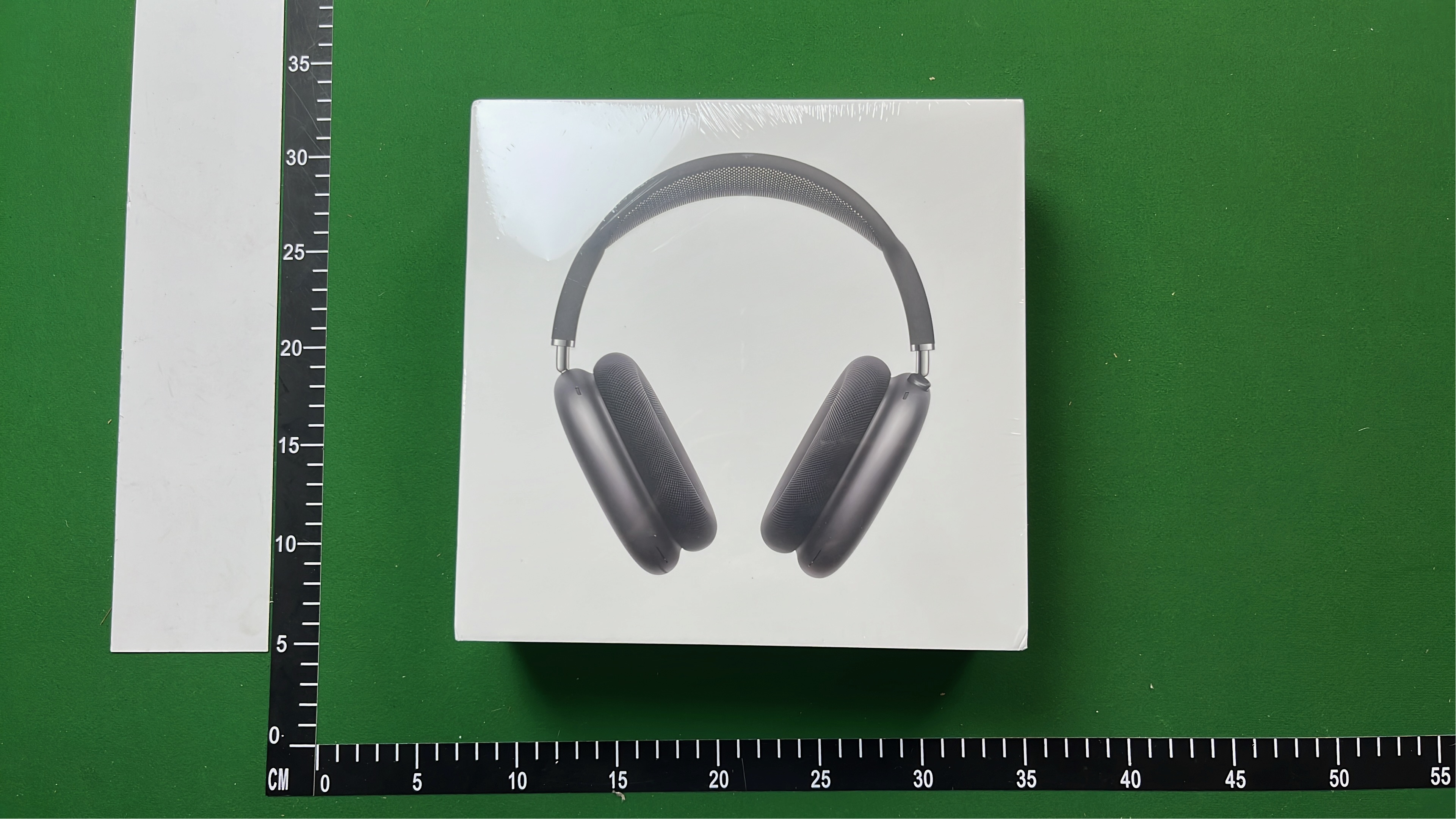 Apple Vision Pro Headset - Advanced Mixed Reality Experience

- - - - -

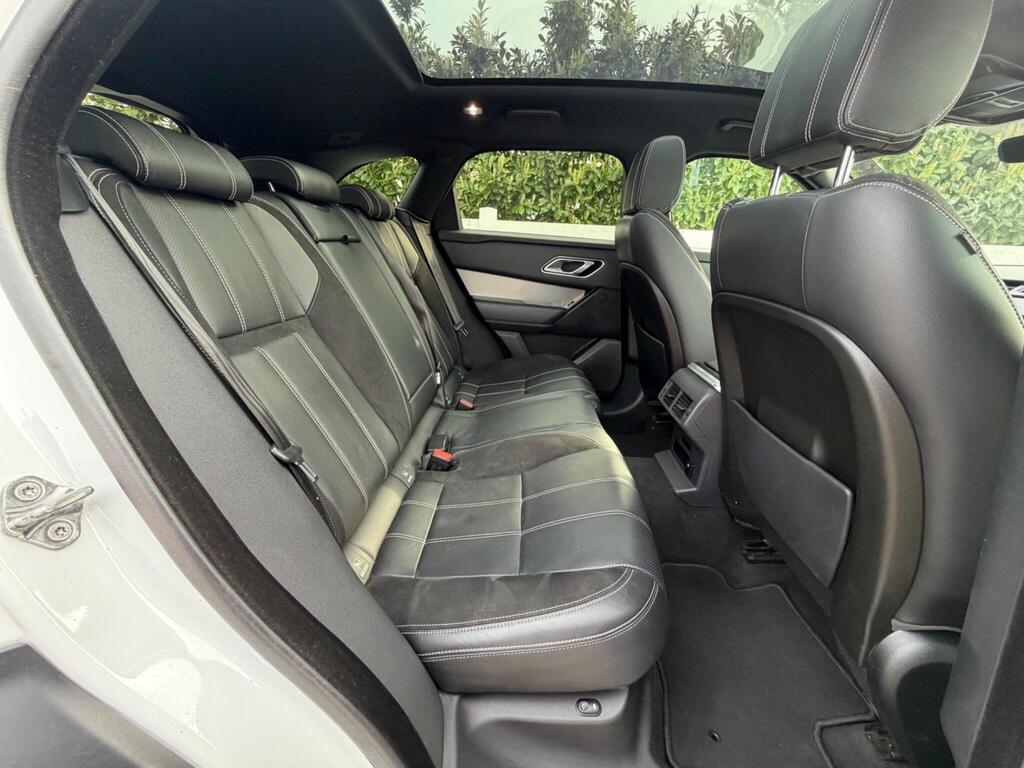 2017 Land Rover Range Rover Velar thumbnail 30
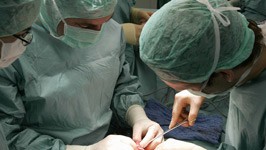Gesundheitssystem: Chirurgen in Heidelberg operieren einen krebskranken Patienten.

- - - - -

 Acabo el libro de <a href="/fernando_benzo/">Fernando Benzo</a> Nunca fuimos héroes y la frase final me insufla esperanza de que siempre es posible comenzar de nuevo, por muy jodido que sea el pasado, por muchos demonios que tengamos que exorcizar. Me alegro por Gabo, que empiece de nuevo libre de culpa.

- - - - -

AIM OF THE EXERCISE — Go back to the listing above and reproduce, exactly, the stretch from the line bearing "2017 Land Rover" through the line bearing "Gesundheitssystem: Chirurgen in", without its pictures.

WRITTEN RESPONSE —
 2017 Land Rover Range Rover Velar thumbnail 30
Gesundheitssystem: Chirurgen in Heidelberg operieren einen krebskranken Patienten.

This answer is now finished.